[Start of section]

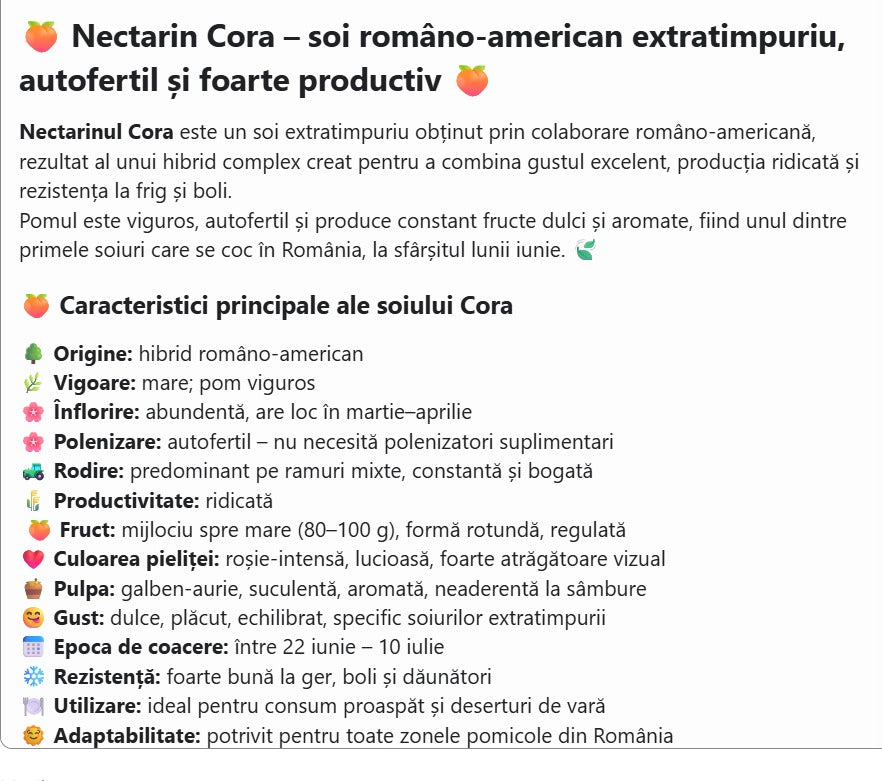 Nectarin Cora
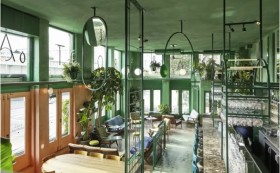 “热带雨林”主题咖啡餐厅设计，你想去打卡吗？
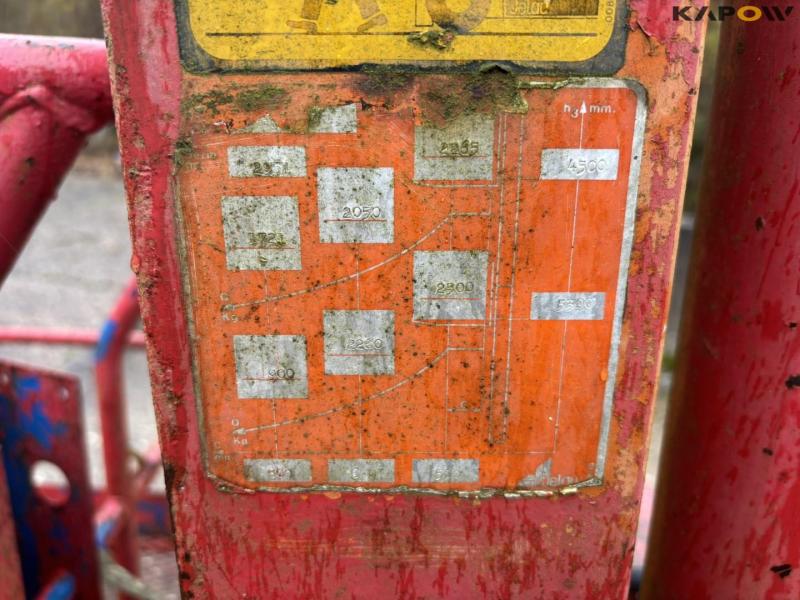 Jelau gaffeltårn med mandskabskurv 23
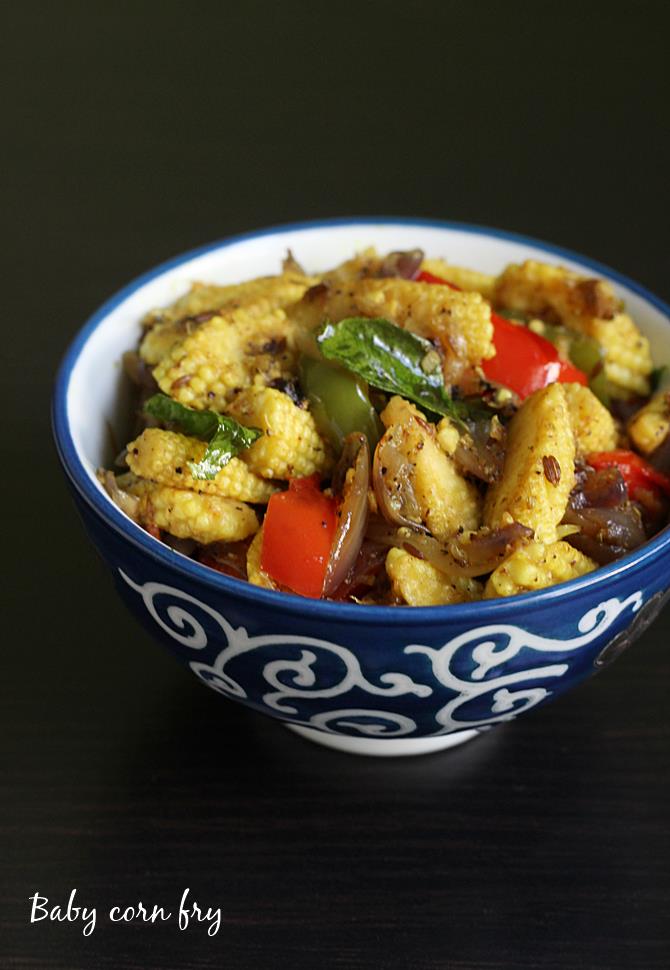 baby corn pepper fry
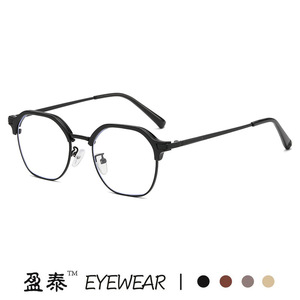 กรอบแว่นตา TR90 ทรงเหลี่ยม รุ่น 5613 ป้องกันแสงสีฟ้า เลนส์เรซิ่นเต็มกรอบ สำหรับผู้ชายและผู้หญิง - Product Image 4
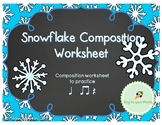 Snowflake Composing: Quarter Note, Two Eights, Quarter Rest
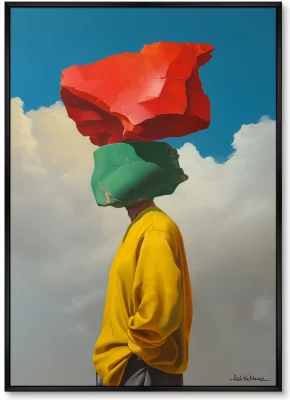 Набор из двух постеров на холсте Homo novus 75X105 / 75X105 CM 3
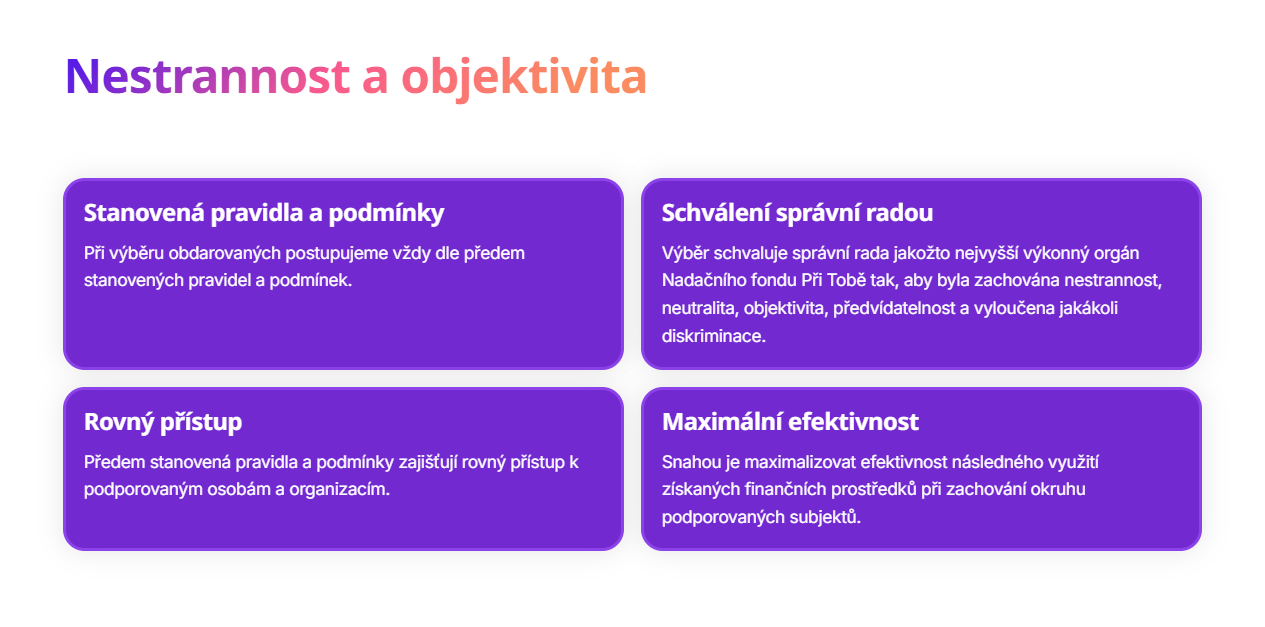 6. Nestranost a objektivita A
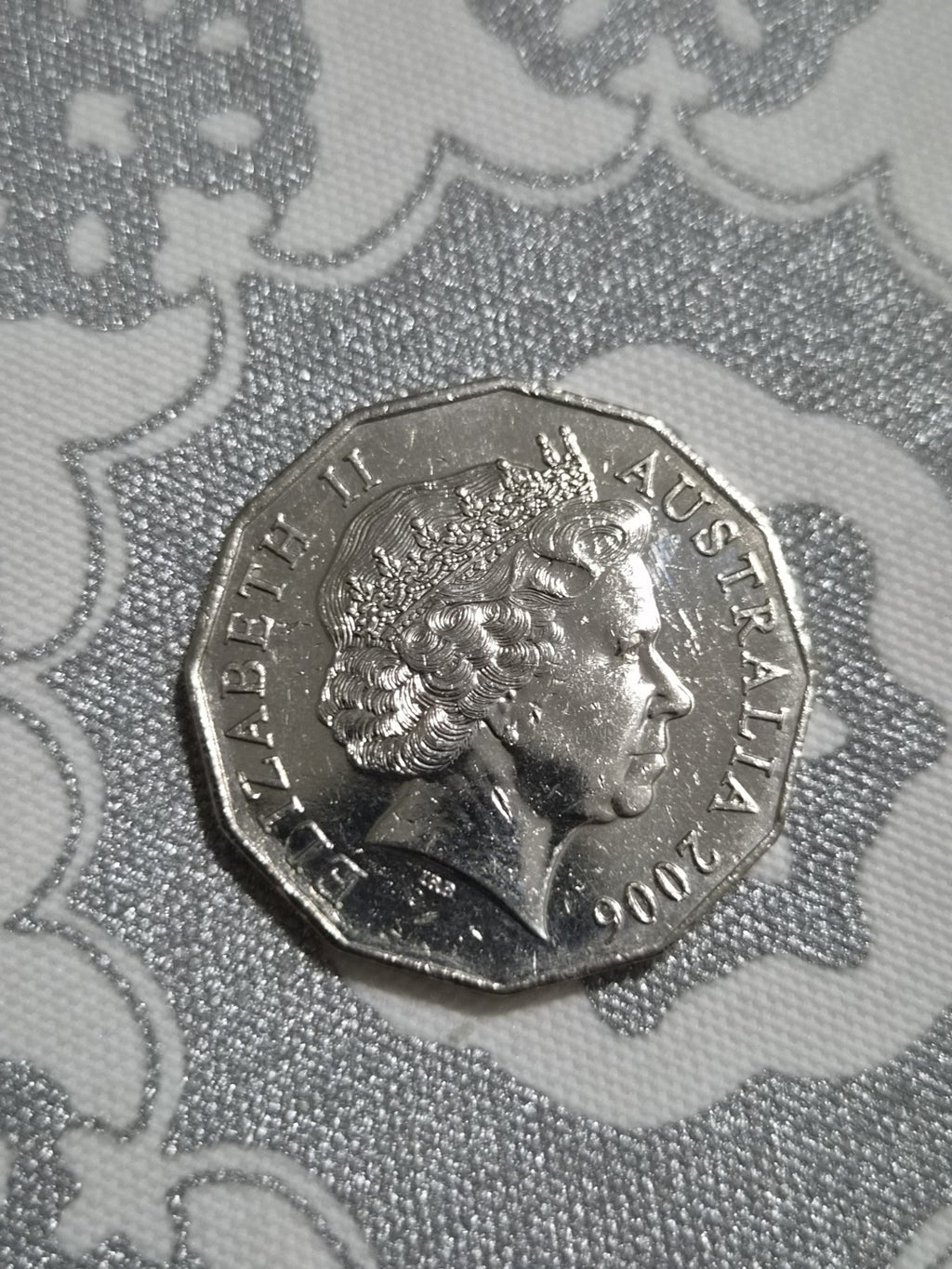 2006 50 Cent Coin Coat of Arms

[End of section]

• [Problem to solve]: Print all records verbatim, excluding pictures.

• [Solution to this problem]:
 Nectarin Cora
 “热带雨林”主题咖啡餐厅设计，你想去打卡吗？
 Jelau gaffeltårn med mandskabskurv 23
 baby corn pepper fry
 กรอบแว่นตา TR90 ทรงเหลี่ยม รุ่น 5613 ป้องกันแสงสีฟ้า เลนส์เรซิ่นเต็มกรอบ สำหรับผู้ชายและผู้หญิง - Product Image 4
 Snowflake Composing: Quarter Note, Two Eights, Quarter Rest
 Набор из двух постеров на холсте Homo novus 75X105 / 75X105 CM 3
 6. Nestranost a objektivita A
 2006 50 Cent Coin Coat of Arms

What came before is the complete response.